It’s really a collection of subcultures, since fans of one gaming niche often have little interest in any of the others.

· 13 min read
Goa, Gods, Gandhi and Greed: Lessons in Colonialism from Four Boardgames
Gandhi: The Decolonization of British India, 1917-1947

It’s an eight-and-a-half-hour drive from Toronto to Indianapolis. And the route, which takes me through Sarnia, Detroit, Toledo and Fort Wayne, is far from scenic. But Gen Con is the biggest boardgame convention in North America, and there’s no direct flight between the two cities. Which is why, during the first four days of August, I spent 17 hours in my car getting to the gaming floor at Lucas Oil Stadium, best known as the home of the NFL’s Indianapolis Colts. Almost 70,000 gamers attended Gen Con this year, including fans of every boardgame under the sun.

A scene from Gen Con 2013.

I tell people that boardgaming isn’t a culture. It’s really a collection of subcultures, since fans of one gaming niche often have little interest in any of the others.
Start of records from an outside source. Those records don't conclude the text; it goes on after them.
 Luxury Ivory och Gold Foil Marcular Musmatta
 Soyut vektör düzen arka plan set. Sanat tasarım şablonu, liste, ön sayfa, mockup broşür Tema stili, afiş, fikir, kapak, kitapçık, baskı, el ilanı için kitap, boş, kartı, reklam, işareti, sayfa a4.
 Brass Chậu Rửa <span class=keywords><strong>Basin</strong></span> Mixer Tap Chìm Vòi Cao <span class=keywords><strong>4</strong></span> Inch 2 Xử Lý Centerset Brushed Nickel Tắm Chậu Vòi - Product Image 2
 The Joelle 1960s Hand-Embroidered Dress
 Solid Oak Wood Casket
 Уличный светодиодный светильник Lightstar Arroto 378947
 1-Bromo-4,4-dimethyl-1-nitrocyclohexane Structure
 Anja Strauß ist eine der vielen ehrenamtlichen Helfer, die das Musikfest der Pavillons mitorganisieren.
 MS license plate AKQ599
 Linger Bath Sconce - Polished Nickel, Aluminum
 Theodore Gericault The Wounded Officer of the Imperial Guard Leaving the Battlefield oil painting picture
But balkanized as it is, the hobby has taken on some unifying characteristics in recent years, including a commitment to diversity, inclusivity and what might generally be called political “wokeness.” Gen Con itself has an anti-harassment policy that bans “any behavior that…produces an unsafe or non-inclusive environment,” including “offensive verbal comments or non-verbal expressions related to gender, gender identity, gender expression, sexual orientation, disability, physical appearance, body size, race, age, or religious beliefs, [which] may take the form of comments, epithets, slurs, jokes, teasing, display or discussion of written or graphic material, repeatedly standing too close to or brushing up against a person, or giving gifts of an unwanted or sexual nature.” The rules also explicitly forbid “20th and 21st century uniforms,” including “any uniform that can be construed as a military uniform.” After a Dungeons & Dragons artist and game designer was publicly accused of abuse in early 2019, Gen Con banned him from attendance, and declared publicly: “We admire the bravery of victims who report their abuse or harassment, and we’re here to support you.”

This all sounds annoyingly politically correct and doctrinaire. But to be fair, the organizers’ hands are tied—since the bulk of their attendees are (as in other creative subcultures these days) young and woke. Plus, there are a lot of people in costumes at Gen Con. And the organizers’ admonition that “cosplay is NOT consent” arguably is necessary for the benefit of those socially challenged men who still think it’s okay to stroke Catwoman’s body suit or to make sex-trade jokes about her cheap hotels on Baltic and Mediterranean. World War II is a popular theme for many of the wargames that get played at these events. And few of us want to play Secret Hitler with a guy dressed in a Gestapo uniform, even if he assures everyone that he’s just “setting the mood.”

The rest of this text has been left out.